The basis of life and significance for equality
In 2006, Ellinor Guttorm Utsi Sami's Equality Award received his work as a duodji athlete and in the reindeer husbandry. Now her basis of life is threatened. She calls for an undue pressure on her reindeer grazing district, čorgas, because of the planned construction of seven wind turbines. Nature is our life and our culture, she says.
This is how it has been and so it is for us indigenous peoples. The nature and landscape we surround ourselves with is the very foundation of Sami culture, language and identity.
So what happens when our foundation wall itself, the natural basis for the culture, disappears under our feet? What happens to us in the wake of climate change, loss of biodiversity and area intervention?
For Ellinor, area intervention can mean that the reindeer will be lost and thus also the basis for her life's work. She uses the whole reindeer. It provides materials, such as leather and horns, to duodji. It provides meat, which can turn into the most beautiful food in her tourist business.
Ellinor and her life work are an example of how industries such as reindeer husbandry and fishing not just provide employment for those who work full -time in the industry. On the contrary, they create ripple effects throughout families, siids and communities. The industries provide the basis for language, for traditional indigenous knowledge, for duodji, for food culture, for interaction in family and family. Often women play key roles.
Ellinor is one of many. She now spends most of her time fighting wind turbines that the state wants to set up just in her reindeer grazing district čorgas. We as a society must, with all our heart and all our feelings, put us in and try to imagine what inhumane pressure she and her district experience in these times with demands for green energy, large area interventions in nature, and the desire to establish 600 wind turbines exactly where she works. She fights a struggle for many, not just in her own district. It can be one side of the challenges.
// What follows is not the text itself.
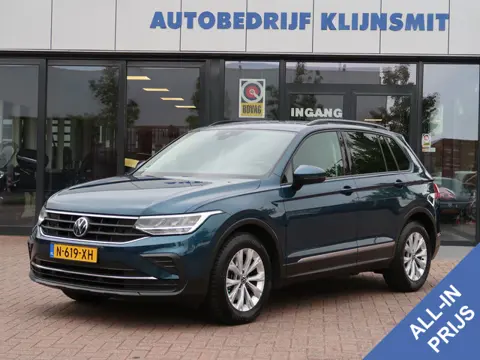 Volkswagen Tiguan 1.5 TSI Life | Stoel-Stuur Verw | Trekhaak | Navigatie |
On the other hand, we must take seriously another and possibly a bigger picture. Here is a bigger picture. The research has previously pointed out that for Sami women, the struggle for the people has been more important than the women's struggle. When we are forced to fight for our cultural survival, there is limited space to take up women's issues. It can be subordinate. In other words, the threats to the natural basis for Sami culture can stand in the way of Sami women's struggle. But not only that – these threats can also contribute to increased risk of violence and abuse affecting Sami women.
This perspective is supported by recent research. In the winter, the National Knowledge Center on violence and traumatic stress (NKVTS) launched the report « When silence is broken: on violence in close relationships and sexual abuse in Sami societies ». The report seeks to obtain elaborate knowledge of violence and abuse in Sami communities.
The causes of violence and abuse are complex. In a Sami context, a combination of factors such as silence culture and dense genealogy in small communities is often pointed out, barriers in the face of the aid system, as well as history of research and injustice. What we have talked less about is how pressure on our habitats and our natural basis can also be a contributing factor.
We know that poor finances, living conditions challenges, broken family relationships, intoxication and mental health problems can increase the risk of violence and abuse. In its latest report, NKVTS writes that several of their informants emphasize that a contributing cause of violence in Sami societies may be the mental stresses, pressured against way of life and the uncertainty of the future that the reindeer herdsmen in particular experience.
We can imagine that this explanatory picture also applies in coastal Sami and river Sami communities, where the fish disappears, state regulations are strict and the future uncertain. A compilation of international research on violence in close relationships and sexual abuse among indigenous peoples confirms that loss of land has resulted in the number of cases of violence and abuse in indigenous communities.
The picture is clear: If our foundation wall disappears, Sami children and women are hard. The problem requires a wide range of measures. In 2023, the Sami Parliament adopted an action plan against violence, and as part of the follow -up of this, we will, among other things, initiate an attitude campaign to convey zero tolerance against violence. It is especially important to work with targeted measures aimed at children and young people.
If we are to provide an equal Sami society free of violence and abuse, then we must also protect the landscape, nature and the biodiversity against predator, against intervention and against over -consumption.
If we are unable to do so, we risk that all other efforts are in vain.